TASK TO COMPLETE >> For the data that follows, print the line with "4. Reebok Men’s", the line with "华能石岛湾核电厂厂前区建筑", and all lines between them, exactly as they stand. Omit pictures and add nothing.

RECORDED INFORMATION >>

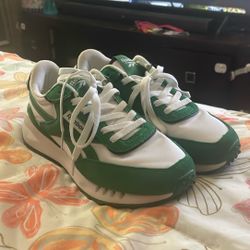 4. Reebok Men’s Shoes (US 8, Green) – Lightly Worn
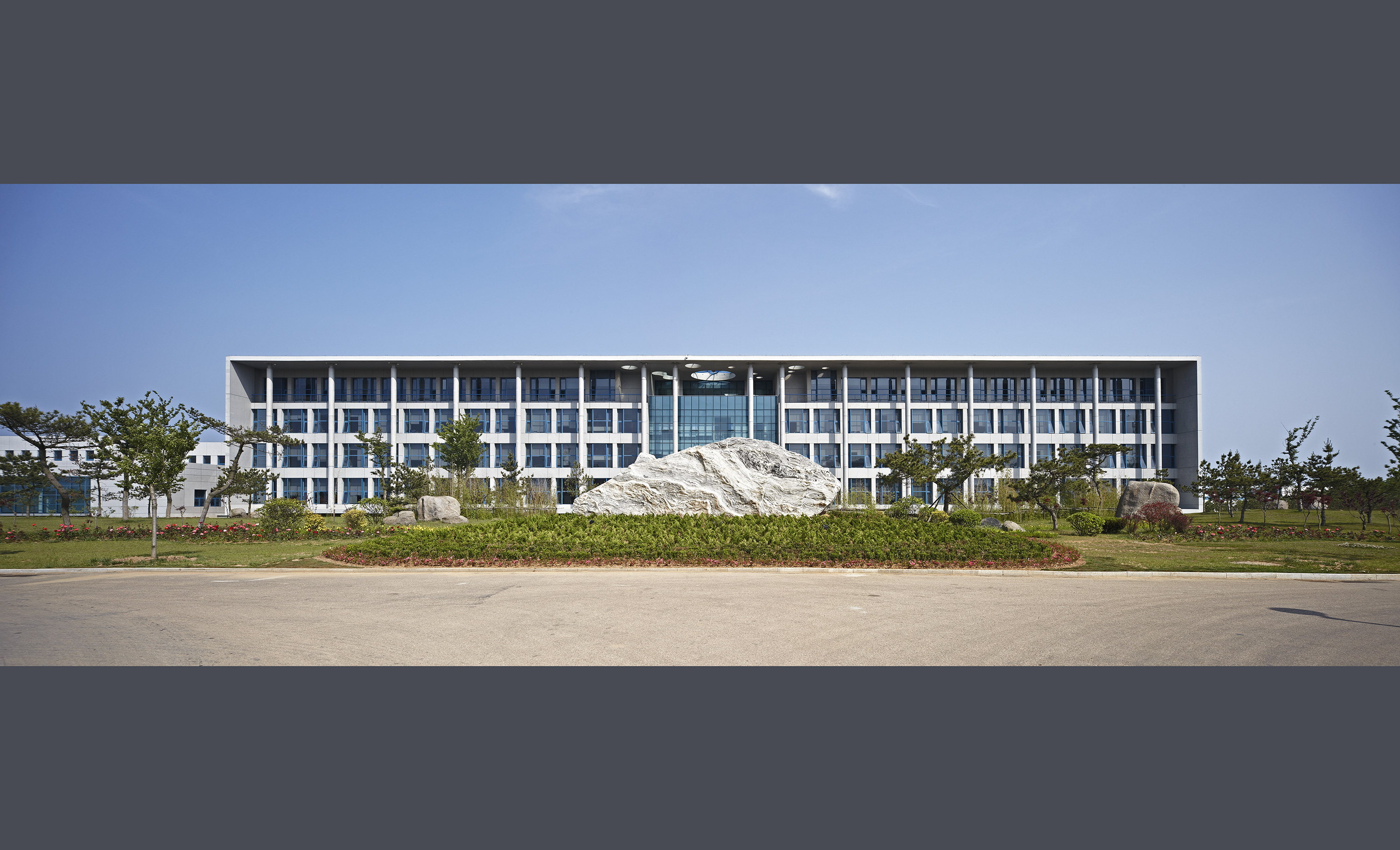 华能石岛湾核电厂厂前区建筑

* * *

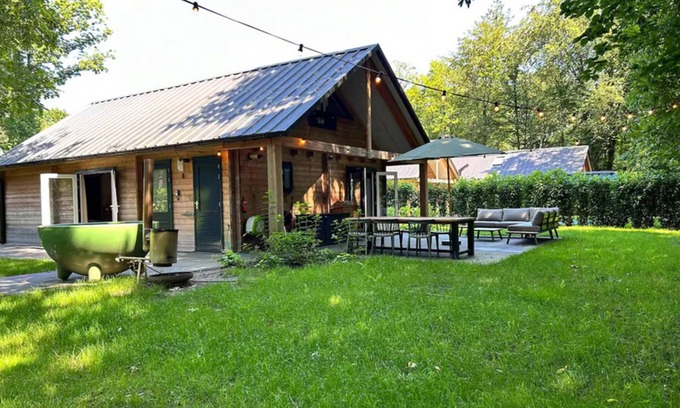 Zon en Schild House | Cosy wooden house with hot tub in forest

ANSWER SECTION >>
 4. Reebok Men’s Shoes (US 8, Green) – Lightly Worn
 华能石岛湾核电厂厂前区建筑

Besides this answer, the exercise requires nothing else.